## What you will do
Read through the records below and copy each line that uses the word "Size".

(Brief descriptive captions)
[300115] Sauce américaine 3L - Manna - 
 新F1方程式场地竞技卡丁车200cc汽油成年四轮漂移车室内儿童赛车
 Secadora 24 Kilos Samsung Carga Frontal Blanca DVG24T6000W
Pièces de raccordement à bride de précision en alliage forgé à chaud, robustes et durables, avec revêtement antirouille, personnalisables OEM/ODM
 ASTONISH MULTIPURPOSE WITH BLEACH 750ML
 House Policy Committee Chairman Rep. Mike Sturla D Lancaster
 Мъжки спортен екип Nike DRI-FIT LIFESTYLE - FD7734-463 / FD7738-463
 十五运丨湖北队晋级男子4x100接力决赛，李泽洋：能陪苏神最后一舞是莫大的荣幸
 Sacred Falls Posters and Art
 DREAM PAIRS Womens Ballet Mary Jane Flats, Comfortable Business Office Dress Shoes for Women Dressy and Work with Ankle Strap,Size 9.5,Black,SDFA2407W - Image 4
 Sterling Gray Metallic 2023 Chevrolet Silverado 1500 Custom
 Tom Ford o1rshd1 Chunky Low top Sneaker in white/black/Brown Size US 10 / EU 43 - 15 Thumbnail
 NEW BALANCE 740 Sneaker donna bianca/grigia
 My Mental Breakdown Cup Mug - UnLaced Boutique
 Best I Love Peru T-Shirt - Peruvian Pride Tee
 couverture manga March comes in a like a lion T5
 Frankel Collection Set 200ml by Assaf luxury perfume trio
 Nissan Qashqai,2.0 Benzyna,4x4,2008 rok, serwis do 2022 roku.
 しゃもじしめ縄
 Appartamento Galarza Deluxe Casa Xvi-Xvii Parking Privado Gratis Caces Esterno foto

## Written answer
 DREAM PAIRS Womens Ballet Mary Jane Flats, Comfortable Business Office Dress Shoes for Women Dressy and Work with Ankle Strap,Size 9.5,Black,SDFA2407W - Image 4
 Tom Ford o1rshd1 Chunky Low top Sneaker in white/black/Brown Size US 10 / EU 43 - 15 Thumbnail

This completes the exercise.